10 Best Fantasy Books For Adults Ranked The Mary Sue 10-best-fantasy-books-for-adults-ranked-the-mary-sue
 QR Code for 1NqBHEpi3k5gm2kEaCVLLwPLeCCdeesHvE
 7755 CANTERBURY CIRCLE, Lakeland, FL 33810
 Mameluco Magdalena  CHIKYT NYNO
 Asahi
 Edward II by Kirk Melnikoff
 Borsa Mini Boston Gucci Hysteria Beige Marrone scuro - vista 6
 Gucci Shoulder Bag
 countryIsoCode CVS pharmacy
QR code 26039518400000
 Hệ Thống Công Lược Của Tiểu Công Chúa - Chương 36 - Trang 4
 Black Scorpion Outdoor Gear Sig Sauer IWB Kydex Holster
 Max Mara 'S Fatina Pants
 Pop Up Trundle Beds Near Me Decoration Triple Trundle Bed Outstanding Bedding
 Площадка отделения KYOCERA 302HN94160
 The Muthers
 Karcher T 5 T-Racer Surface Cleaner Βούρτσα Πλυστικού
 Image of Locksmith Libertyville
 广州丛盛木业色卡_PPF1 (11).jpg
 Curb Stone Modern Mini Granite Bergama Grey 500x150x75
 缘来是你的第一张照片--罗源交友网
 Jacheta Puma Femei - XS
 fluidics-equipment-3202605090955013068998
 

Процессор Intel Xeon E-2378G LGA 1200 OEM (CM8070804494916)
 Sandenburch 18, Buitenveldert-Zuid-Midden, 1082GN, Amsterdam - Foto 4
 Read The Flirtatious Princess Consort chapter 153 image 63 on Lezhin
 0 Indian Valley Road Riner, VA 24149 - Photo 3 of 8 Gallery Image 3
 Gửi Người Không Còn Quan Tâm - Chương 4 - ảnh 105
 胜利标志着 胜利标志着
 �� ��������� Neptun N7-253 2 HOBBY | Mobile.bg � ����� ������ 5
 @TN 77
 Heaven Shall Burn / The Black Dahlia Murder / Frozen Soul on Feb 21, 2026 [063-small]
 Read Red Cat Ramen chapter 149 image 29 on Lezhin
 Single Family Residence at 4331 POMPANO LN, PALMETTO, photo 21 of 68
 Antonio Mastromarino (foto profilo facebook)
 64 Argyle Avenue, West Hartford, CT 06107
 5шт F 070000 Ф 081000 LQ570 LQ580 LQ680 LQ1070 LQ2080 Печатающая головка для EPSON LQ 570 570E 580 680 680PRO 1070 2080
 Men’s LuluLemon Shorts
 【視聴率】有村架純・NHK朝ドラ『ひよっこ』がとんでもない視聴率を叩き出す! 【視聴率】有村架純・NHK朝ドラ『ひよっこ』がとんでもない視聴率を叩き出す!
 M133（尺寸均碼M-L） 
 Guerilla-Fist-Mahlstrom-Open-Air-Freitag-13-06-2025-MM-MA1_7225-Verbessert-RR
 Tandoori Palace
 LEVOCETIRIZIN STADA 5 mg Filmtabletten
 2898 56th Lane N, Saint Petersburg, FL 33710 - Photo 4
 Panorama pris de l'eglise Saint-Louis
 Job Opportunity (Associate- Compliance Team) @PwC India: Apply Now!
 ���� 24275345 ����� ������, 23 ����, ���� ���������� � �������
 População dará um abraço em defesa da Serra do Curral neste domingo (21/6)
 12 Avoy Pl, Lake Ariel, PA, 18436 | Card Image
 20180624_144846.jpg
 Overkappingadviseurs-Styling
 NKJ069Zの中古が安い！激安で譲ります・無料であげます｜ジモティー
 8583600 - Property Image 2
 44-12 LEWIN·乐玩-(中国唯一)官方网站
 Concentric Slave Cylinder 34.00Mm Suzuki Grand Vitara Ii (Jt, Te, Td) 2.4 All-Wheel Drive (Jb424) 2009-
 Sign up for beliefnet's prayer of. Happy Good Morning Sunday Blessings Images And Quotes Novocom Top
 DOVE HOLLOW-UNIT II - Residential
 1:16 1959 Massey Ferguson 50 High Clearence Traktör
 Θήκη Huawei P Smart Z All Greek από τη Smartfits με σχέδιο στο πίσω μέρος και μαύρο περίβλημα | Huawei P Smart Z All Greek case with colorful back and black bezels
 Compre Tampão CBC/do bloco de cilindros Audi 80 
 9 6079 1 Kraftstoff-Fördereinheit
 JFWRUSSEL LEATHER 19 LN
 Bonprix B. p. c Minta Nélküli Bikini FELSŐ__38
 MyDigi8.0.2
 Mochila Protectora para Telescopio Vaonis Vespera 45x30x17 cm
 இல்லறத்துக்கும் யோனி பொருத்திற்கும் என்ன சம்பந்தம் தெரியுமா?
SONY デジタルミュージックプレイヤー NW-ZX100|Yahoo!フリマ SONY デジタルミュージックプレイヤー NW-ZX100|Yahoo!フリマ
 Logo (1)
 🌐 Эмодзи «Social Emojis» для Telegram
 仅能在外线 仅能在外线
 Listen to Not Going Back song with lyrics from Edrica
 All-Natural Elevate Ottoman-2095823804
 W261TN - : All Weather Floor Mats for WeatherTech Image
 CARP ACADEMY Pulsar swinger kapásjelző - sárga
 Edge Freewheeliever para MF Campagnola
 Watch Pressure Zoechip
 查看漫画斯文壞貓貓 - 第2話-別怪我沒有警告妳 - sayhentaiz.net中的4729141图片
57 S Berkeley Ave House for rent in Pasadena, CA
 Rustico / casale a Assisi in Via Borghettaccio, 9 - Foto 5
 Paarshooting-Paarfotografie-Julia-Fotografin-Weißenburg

******************************

**What is being asked:** From the entries above, return exactly the line containing "Tandoori Palace", the line containing "24275345 ����� ������, 23", and all lines between, and nothing else.

**Completed exercise:**
 Tandoori Palace
 LEVOCETIRIZIN STADA 5 mg Filmtabletten
 2898 56th Lane N, Saint Petersburg, FL 33710 - Photo 4
 Panorama pris de l'eglise Saint-Louis
 Job Opportunity (Associate- Compliance Team) @PwC India: Apply Now!
 ���� 24275345 ����� ������, 23 ����, ���� ���������� � �������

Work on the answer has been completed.